GOP leaders in the Senate and Assembly unveiled a constitutional amendment this week that would make district attorneys subject to recall campaigns. The proposal comes days after San Francisco voters backed the removal of Chesa Boudin, the California city’s progressive district attorney.

Senate Minority Leader Rob Ortt (R-Lockport) made clear the measure is directed at Bragg, who has faced calls for his removal over what critics consider a “soft on crime” stance.

“This disturbing trend of progressive, soft-on-crime district attorneys – including Manhattan DA Alvin Bragg here in New York – refusing to prosecute crime has got to stop,” Ortt said in a statement. “If Gov. Hochul won’t do the right thing and remove him from office, New Yorkers should have the power to do so on their own.”

Bragg has come under fire for instructing prosecutorsnot to charge certain crimes at all and to downgrade others just days after taking office. He later walked back parts of those policies.

Currently, in New York, only the governor has the power to remove a local prosecutor from office.

Some other states, including California and Wisconsin, have recall mechanisms allowing voters to remove such officials from elected office.

In San Francisco, Boudin was recalled Tuesday after 60% of voters decided they had enough of his decision not to prosecute quality-of-life crimes since taking office in 2020.

All four top GOP gubernatorial candidates in New York, including Rob Astorino, Harry Wilson, Andrew Giuliani and Rep. Lee Zeldin (R-N.Y.), have said they would boot Bragg from office if elected.

Gov. Hochul met with the embattled prosecutor back in January as Bragg’s policies were met with condemnation from NYPD and police unions who accused him of being soft on crime. The governor said at the time she had a “productive conversation” with Bragg and expressed a reluctance to oust the newly elected official.

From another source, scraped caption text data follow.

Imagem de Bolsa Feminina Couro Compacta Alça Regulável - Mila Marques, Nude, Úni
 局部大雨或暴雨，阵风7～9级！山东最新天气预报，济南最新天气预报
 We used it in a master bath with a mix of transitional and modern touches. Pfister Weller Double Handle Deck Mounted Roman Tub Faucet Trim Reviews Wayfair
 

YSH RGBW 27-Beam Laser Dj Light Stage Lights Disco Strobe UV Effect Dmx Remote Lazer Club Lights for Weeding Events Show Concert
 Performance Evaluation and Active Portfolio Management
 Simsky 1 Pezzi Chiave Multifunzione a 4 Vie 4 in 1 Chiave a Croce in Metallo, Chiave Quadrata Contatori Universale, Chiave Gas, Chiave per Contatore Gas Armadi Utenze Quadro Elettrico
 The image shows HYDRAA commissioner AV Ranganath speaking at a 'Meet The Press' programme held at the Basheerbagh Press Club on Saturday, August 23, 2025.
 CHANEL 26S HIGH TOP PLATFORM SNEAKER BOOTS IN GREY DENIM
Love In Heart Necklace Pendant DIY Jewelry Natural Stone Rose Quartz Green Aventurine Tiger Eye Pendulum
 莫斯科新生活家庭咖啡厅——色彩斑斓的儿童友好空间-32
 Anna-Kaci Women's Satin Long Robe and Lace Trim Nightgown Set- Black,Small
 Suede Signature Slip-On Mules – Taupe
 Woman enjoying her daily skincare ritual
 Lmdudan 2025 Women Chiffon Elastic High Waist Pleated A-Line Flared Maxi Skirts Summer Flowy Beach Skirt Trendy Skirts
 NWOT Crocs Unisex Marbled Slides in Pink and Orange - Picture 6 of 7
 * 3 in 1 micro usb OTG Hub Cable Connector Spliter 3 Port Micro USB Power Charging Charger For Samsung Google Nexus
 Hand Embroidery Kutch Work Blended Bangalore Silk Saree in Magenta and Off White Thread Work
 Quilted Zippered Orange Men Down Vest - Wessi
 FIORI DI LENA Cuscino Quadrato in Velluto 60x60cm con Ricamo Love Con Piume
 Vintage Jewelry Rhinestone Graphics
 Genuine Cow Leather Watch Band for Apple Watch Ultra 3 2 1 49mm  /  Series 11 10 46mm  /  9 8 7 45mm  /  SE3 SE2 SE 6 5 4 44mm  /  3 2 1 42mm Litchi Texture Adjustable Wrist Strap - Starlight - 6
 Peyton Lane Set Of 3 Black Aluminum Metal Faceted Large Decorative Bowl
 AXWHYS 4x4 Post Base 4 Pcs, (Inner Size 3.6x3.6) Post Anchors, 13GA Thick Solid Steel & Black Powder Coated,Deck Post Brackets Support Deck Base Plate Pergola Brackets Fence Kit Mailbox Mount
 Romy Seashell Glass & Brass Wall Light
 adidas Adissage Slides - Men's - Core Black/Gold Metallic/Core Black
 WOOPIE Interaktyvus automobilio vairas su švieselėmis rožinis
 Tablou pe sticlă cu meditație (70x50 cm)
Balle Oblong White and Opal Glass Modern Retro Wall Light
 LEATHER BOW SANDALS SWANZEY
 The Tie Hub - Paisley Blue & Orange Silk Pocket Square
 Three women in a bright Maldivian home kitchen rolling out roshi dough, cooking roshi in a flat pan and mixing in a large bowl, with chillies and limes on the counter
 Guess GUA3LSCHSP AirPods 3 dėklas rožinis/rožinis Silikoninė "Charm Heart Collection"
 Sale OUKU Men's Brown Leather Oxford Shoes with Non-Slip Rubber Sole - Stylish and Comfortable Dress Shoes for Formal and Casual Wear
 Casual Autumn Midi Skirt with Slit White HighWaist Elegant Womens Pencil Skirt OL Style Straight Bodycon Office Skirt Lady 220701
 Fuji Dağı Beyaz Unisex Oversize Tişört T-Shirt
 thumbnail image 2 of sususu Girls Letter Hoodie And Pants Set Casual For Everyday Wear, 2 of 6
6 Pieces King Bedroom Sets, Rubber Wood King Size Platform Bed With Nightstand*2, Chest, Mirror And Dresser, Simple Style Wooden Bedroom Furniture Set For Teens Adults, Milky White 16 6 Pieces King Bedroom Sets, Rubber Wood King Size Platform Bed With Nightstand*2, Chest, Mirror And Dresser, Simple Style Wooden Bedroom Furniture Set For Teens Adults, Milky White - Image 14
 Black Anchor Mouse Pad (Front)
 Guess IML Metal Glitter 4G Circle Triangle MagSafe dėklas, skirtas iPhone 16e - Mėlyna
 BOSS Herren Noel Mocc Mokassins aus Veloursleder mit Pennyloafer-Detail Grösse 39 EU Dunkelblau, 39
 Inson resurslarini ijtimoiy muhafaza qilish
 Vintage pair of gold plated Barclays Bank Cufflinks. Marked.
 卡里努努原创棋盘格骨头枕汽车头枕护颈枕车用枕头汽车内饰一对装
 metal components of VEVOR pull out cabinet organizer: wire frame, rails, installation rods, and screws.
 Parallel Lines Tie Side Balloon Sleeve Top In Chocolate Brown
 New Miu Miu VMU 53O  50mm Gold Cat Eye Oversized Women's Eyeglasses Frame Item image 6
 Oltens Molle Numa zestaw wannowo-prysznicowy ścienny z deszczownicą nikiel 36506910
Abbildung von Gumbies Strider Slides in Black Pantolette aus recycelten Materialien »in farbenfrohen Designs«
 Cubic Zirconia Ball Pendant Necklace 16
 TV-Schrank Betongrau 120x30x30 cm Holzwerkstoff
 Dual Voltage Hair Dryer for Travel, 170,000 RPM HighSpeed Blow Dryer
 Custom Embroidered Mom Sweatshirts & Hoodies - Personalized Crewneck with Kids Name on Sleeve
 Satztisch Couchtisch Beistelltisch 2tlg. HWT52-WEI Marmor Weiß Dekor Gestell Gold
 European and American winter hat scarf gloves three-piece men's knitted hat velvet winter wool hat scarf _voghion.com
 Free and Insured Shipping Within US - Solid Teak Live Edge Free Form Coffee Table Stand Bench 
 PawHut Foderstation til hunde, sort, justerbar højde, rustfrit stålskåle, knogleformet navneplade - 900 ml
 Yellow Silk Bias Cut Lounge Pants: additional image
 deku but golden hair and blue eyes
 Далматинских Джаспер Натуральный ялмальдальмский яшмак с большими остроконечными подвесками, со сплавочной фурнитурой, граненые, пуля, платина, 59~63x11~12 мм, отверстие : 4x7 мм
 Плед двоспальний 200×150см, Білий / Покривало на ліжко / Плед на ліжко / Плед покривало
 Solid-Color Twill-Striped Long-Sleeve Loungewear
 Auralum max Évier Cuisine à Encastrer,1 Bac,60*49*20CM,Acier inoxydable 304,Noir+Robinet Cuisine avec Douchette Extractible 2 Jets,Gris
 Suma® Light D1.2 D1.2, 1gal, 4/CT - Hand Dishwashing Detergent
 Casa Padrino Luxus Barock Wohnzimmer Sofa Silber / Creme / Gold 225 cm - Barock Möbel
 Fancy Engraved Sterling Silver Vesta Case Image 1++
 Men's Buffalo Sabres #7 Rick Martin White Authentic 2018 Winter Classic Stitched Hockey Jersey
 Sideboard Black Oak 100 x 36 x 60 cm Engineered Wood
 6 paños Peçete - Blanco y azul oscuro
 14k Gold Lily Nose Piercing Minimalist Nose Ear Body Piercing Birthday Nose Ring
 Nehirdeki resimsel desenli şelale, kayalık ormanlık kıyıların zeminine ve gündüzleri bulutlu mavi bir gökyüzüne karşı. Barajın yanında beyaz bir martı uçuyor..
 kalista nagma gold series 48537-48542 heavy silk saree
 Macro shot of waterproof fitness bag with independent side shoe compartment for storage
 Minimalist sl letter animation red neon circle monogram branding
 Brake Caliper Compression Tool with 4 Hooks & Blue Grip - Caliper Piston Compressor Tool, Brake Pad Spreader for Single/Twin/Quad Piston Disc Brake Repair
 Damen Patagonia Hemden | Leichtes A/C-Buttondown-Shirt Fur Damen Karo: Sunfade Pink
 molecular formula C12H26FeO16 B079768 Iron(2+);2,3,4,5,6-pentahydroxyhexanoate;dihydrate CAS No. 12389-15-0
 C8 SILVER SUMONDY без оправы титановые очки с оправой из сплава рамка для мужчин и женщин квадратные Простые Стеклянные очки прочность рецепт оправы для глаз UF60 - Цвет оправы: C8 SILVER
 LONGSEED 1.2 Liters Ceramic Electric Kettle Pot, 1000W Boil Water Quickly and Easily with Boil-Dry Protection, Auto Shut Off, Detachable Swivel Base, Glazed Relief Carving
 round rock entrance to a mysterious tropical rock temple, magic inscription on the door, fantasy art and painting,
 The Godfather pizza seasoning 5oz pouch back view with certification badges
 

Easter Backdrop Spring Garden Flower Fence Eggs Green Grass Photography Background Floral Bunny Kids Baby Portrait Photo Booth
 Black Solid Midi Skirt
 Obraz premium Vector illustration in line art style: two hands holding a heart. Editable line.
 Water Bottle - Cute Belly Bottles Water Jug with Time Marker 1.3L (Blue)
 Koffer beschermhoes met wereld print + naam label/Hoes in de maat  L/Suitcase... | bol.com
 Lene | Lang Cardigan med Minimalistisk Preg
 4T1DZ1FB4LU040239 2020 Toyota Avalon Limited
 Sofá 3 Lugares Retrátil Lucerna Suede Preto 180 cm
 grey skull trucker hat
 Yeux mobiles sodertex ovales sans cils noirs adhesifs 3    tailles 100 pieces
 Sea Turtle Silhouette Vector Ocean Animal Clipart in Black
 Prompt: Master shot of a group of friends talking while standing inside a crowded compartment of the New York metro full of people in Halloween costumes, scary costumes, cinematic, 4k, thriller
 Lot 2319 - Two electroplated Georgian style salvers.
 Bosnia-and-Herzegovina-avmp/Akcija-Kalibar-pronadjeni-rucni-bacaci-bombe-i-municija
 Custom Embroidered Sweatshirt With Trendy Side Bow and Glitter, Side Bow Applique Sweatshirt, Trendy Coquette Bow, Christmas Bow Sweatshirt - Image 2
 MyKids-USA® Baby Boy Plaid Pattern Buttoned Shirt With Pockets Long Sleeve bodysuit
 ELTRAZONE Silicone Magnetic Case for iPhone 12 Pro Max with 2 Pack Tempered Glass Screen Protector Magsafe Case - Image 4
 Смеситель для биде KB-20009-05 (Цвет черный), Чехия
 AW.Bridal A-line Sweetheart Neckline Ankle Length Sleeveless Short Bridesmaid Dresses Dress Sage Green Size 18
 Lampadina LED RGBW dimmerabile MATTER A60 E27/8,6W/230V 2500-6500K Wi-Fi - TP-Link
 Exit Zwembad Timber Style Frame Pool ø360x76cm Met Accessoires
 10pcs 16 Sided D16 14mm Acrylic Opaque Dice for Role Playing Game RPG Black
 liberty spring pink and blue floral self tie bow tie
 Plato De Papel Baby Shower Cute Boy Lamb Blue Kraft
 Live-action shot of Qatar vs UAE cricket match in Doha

Mayor Adams, meanwhile, didn’t mention Bragg by name earlier this week as he continued to call out the courts and prosecutors for failing to more aggressively go after gun offenders.

“I don’t believe there is support if judges are not holding people accountable, if laws are not indicating those who are repeated offenders and violent are not being held accountable and if we have a bottlenecked criminal justice system,” he said as he touted the work of the NYPD in getting guns off the street.

Bragg’s office did not immediately respond to a request for comment.

For the Republican-backed constitutional change to take effect, the state Dem-led state Legislature would have to approve it in back-to-back sessions separated by an election and then voters would then have to sign off on it.

Assembly Minority Leader Will Barclay (R-Oswego) said the measure is needed to ensure district attorneys are held accountable.

“Public prosecutors who turn a blind eye to crime completely undermine the quality of life people are able to experience,” Barclay said. “District attorneys have a duty to uphold the law and protect the community, two very basic responsibilities that are unfortunately being ignored with greater frequency.

“DAs who choose to act as political activists once they take office need to be held accountable,” he added.